We are sorry to inform you that your ID has been temporarily frozen due to incorrect or missing information saved at 2016/11 /1 O 20:40:24 You have 24 hours to fix this problem or risk to be closed permanently!
To proceed Please Connect>> My Apple ID
Thank You
The
link to My Apple ID shows http://byggarbetsplatsen.se/backup/signon/
What type of attack is this?
- A. Phishing
- B. Email Spamming
- C. Mail Bombing
- D. Email Spoofing
Answer: A
NEW QUESTION 267
Which of the following tool creates a bit-by-bit image of an evidence media?
- A. Recuva
- B. FileMerlin
- C. AccessData FTK lmager
- D. Xplico
Answer: C
NEW QUESTION 268
When the operating system marks cluster as used, but does not allocate them to any file, such clusters are known as ___________.
- A. Empty clusters
- B. Lost clusters
- C. Bad clusters
- D. Unused clusters
Answer: B
NEW QUESTION 269
During an investigation, Noel found the following SIM card from the suspect's mobile.
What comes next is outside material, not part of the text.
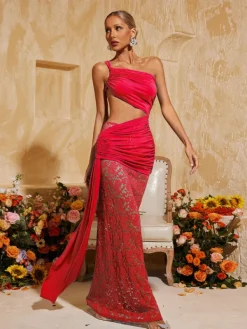Dresses | Maxi Dresses*Mew Mews Fashion Phelia Cutout Lace Draped Maxi Dress In Red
What does the code 89
44 represent?
- A. TAC and Industry Identifier
- B. Issuer Identifier Number and TAC
- C. Industry Identifier and Country code
- D. Individual Account Identification Number and Country Code
Answer: C
NEW QUESTION 270
Frank is working on a vulnerability assessment for a company on the West coast. The company hired Frank to assess its network security through scanning, pen tests, and vulnerability assessments. After discovering numerous known vulnerabilities detected by a temporary IDS he set up, he notices a number of items that show up as unknown but Questionable in the logs. He looks up the behavior on the Internet, but cannot find anything related. What organization should Frank submit the log to find out if it is a new vulnerability or not?
- A. RIPE
- B. APIPA
- C. IANA
- D. CVE
Answer: D
NEW QUESTION 271
On Linux/Unix based Web servers, what privilege should the daemon service be run under?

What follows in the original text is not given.